| Exercise description |
Which lines run from the line with "Brass Metal 5-Emperor" to the end of the entries? Write out exactly those, leaving out the pictures.
===== Data to process =====
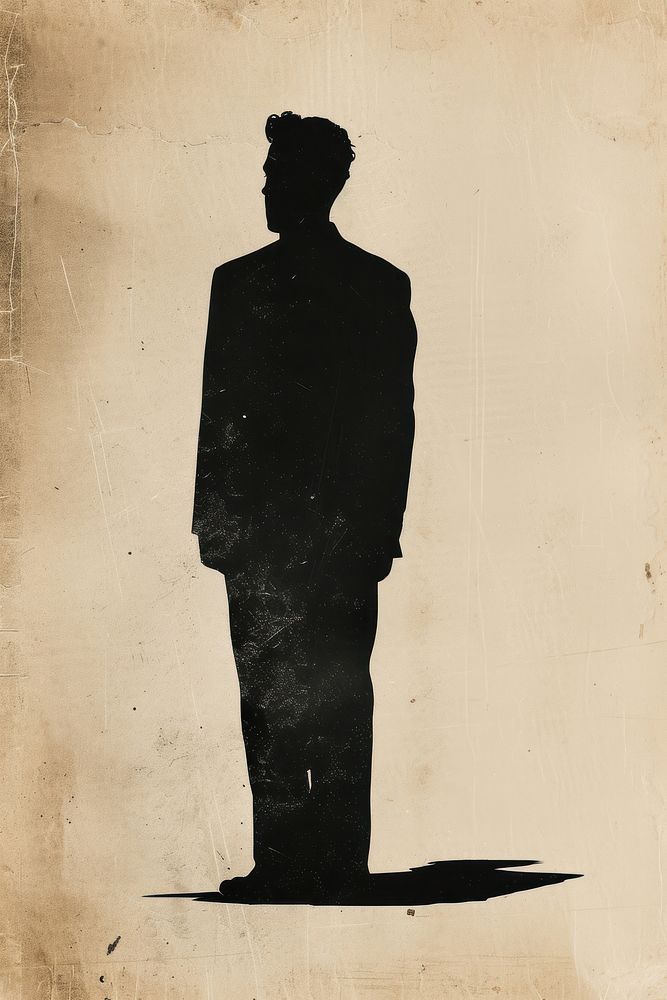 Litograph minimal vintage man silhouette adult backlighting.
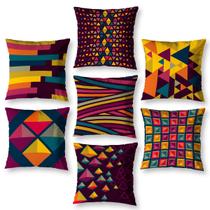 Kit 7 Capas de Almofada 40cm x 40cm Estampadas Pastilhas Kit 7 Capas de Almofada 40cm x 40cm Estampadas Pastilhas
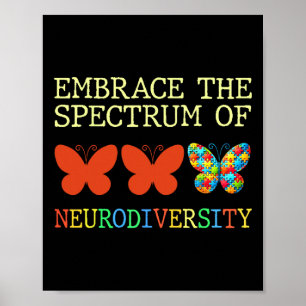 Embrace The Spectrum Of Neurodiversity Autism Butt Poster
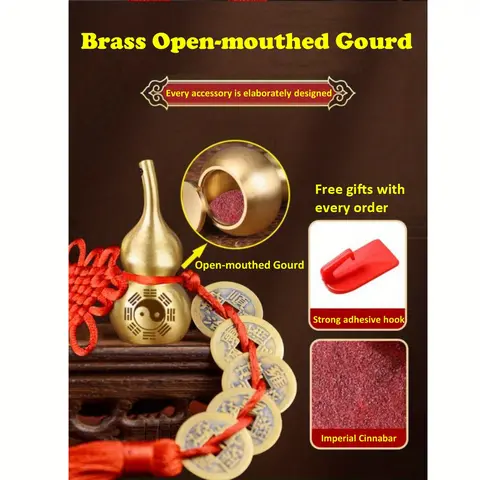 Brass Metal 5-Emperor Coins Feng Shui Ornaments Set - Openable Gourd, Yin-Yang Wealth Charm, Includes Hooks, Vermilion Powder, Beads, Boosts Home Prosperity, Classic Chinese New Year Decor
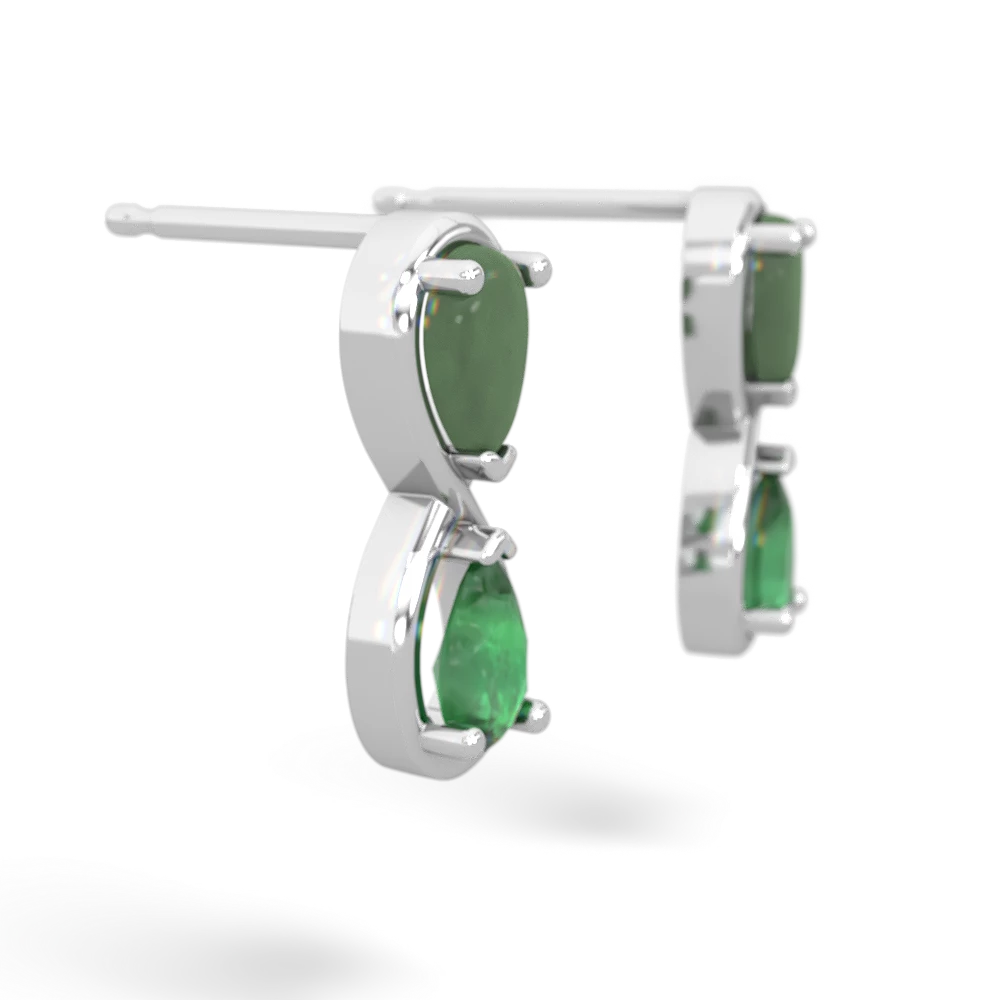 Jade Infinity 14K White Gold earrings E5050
=====
| Solution to the exercise |
 Brass Metal 5-Emperor Coins Feng Shui Ornaments Set - Openable Gourd, Yin-Yang Wealth Charm, Includes Hooks, Vermilion Powder, Beads, Boosts Home Prosperity, Classic Chinese New Year Decor
 Jade Infinity 14K White Gold earrings E5050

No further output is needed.